In the last few days, I’ve been contemplating what we have come to call “diversity.”

In wealth management, one would hold a portfolio: stocks, bonds, real estate, etc., with the assumption that no one knows the future. Diversifying your assets across many different inputs serves as a catchall, a backstop, so you aren’t reliant on one asset.

In business, seeking “diversity” aims to achieve the same principle. We often get overly reliant on one set of opinions and forget how diverse opinions protect us. Having team members with different approaches, like cold calls versus relationship-building, allows for learning and growth. Balancing top-down management with organic, creative approaches enriches the organization. Diverse viewpoints on processes, hiring, marketing, and sales bring valid, valuable insights, creating a holistic business strategy.

Diverse Opinions in Business

When we seek “diversity” in business, we look to do the same thing as in wealth management. Sometimes we get overly reliant on one set of opinions, but we often forget about the ways “diverse opinions” protect us. If you have someone on your team who says the only way to make sales is to have 100s of cold calls per day, put someone on your team who might try to develop sales through the development of real relationships with 20 intentionally researched and thoughtful calls per day. Let that diversity of opinion play together, learn from each other, and mix in together.
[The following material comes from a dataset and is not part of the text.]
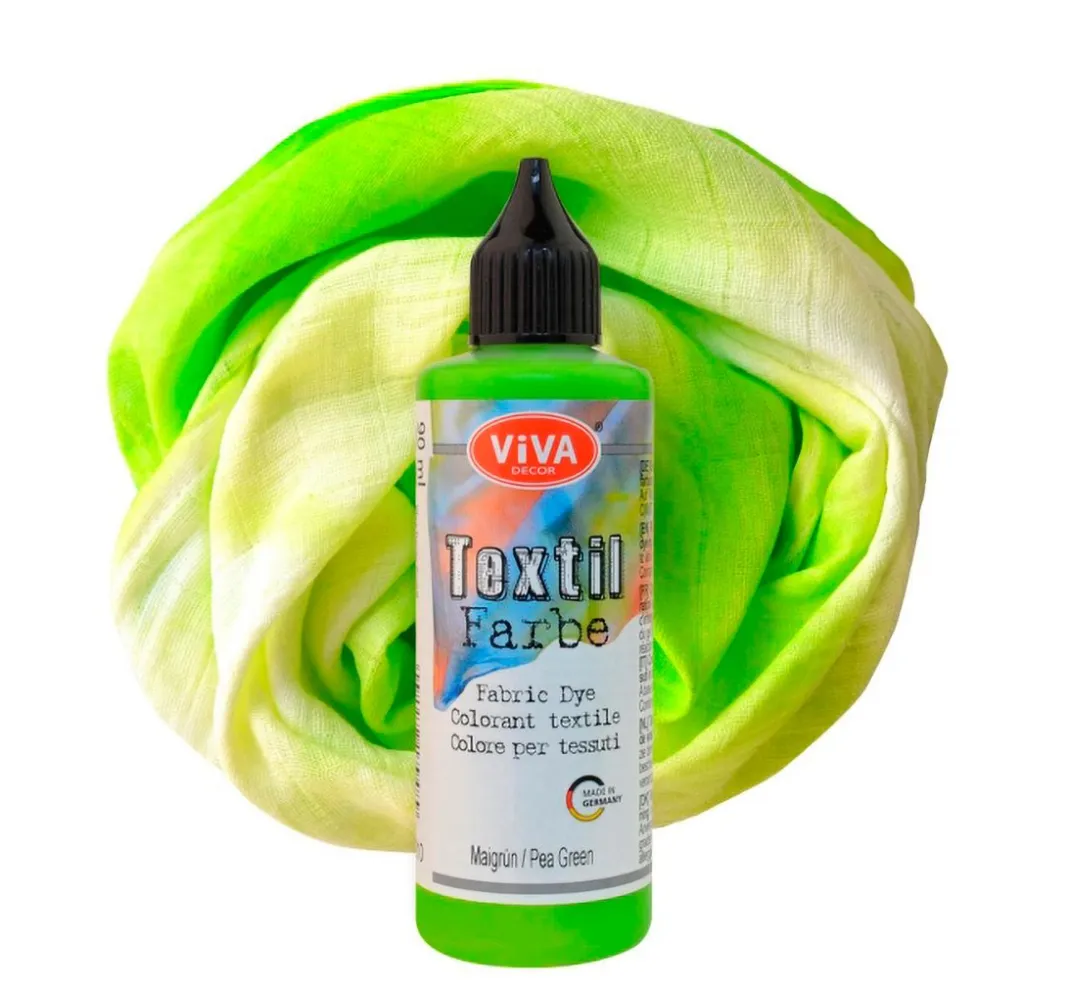 Viva Decor Batik|Textil-Design>Textilfarbe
Diversity Contradictory Methods as Strength

If you have someone on your team that is “top-down management,” also have someone at the table to discuss “organic, creative, management.” One might think these are contradictory approaches and a business has to decide which one to adopt. Yes, if a business has management, HR, or owners creating all the systems and processes, then the only diversity left is racial diversity or diversity of personalities, genders, etc. But we should look at it more holistically and consider where, how, and why individuals develop their thought processes.

Holistic Diversity for Better Decisions, Not Quotas

It benefits a business to consider everything from a diverse point of view—its processes, hiring, marketing decisions, and sales decisions (hard sell, soft sell, or both?). Different experiences bring different valid values to the table. We are foolish to look at diversity narrowly. We should consider race, ethnicity, age, etc., but also the diversity of thought and the origins of those thoughts. What experiences, personal and professional, are they steeped in?
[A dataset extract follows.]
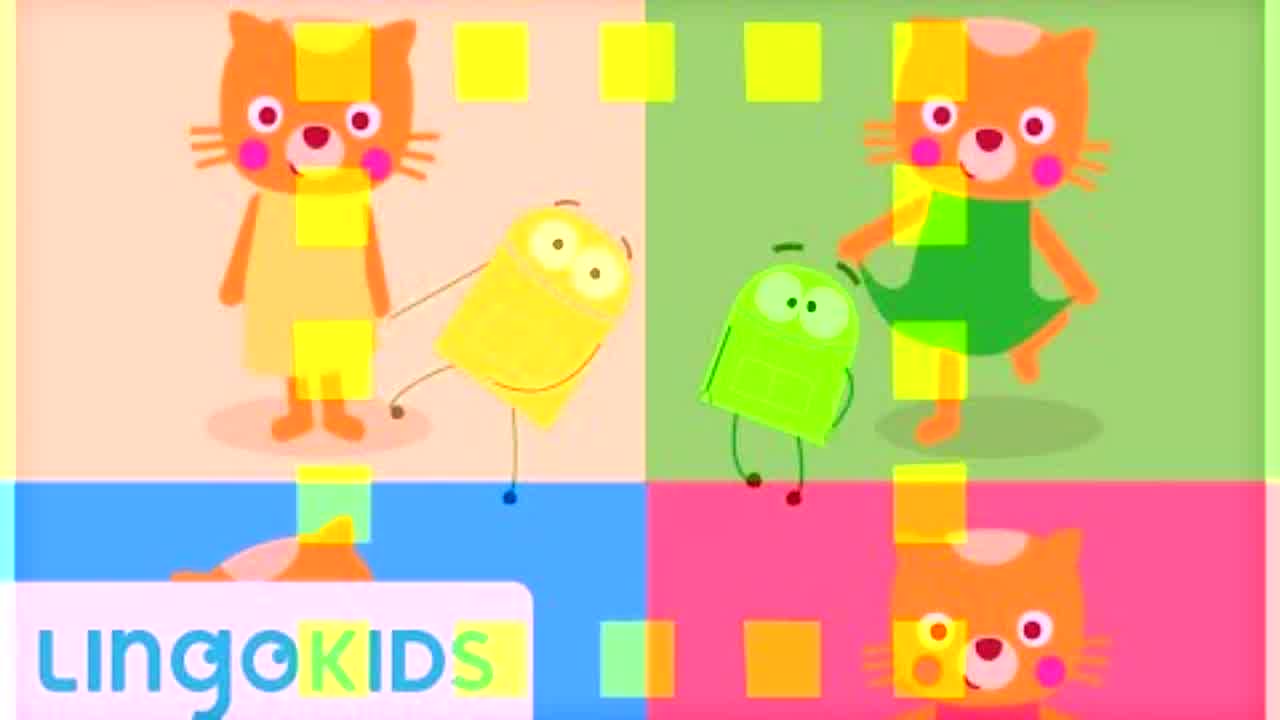 Lingokids Jr - RaveDJ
What most businesses need, in my experience, is not to meet quotas but to make better decisions. The quotas met are in relation to the ongoing decisions made. There are two net benefits of seeing diversity in this way:

  1. Conflict and Respect: In a truly diverse environment, there is conflict, and we should agree to disagree without causing disrespect. Disrespect means “I’m done listening,” while disagreement means, “I’m grateful for the conversation in which both of us are heard.”
  2. Background for Better Decisions: When we have full-on diversity, we have a better background to make decisions.

If we seek truly diverse workplaces, we seek to understand diverse experiences that will best help direct us toward the mutual outcomes we seek as a unit, team, or business. If we create that, we have diversity, we have culture, we have ONENESS.

Conclusion

Embracing diversity in its fullest sense enriches our businesses and leads us to oneness. By valuing diverse opinions and backgrounds, we make better decisions and build a stronger, more cohesive team.